Gül, kazanlarda kaynatılır, gül yağı olur.
“Yahu hocam bu dinsiz, imansız, ateist, komünist insanlarla niçin uğraşmazlar da Müslüman’la uğraşırlar?” derler.
Kalpazanın evi soyulmaz. Meyvesiz ağaç taşlanmaz.

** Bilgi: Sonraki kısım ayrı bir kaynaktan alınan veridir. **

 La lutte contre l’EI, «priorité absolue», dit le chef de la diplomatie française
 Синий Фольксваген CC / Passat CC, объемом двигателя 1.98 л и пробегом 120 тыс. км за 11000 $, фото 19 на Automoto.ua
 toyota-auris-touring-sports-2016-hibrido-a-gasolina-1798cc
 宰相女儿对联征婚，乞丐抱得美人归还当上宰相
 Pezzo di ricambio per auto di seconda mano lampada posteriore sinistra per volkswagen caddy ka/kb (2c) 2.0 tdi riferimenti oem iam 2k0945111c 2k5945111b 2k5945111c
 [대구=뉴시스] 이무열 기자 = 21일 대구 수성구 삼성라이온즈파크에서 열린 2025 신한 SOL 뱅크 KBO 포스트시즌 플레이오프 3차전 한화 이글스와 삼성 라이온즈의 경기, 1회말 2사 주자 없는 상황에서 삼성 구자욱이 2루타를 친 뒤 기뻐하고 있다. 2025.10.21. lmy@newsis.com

Çirkini kimse kıskanmaz.
Yılan yastığı çiçeği çok güzel ama ondan gülyağı çıkmaz.
Biz, gönlümüzde bir ayeti bütün dünya ve dünyadakilerden daha değerli bir imanı taşıyoruz.
Cennete doğru yol almaya çalışıyoruz.
Yükümüz çok değerli.
Şeytanlar ve yardımcıları bunları almak ve atmak istiyor.
“Bize yaramayanı size de yar etmeyiz.” Diyorlar.
Sevgili peygamberimize, değerli eşlerine ve ashabına yapılan iftiralar, baskılar, işkenceler, sürgünler ve kıtallerin binde biri bize yapılmış değil.
Dünya genelinde İslâm’a karşı yapılan bu toplu saldırı karşısında İslâm için endişeye düşmeyelim çünkü Rabbimiz: “Şüphesiz o zikri ( Kur’ anı) biz indirdik ve elbette onun koruyucusu da biziz” buyurmuştur.(K.Kerim Hıcr süresi ayet 9)
Biz, kendimiz, çocuklarımız, milletimiz ve bütün insanlık hakkında endişe edelim. İki dünyamızın güzel olması için Allah’ın kitabına sımsıkı sarılalım ve örnek olarak da Allah’ın rasülünü adım adım izleyelim.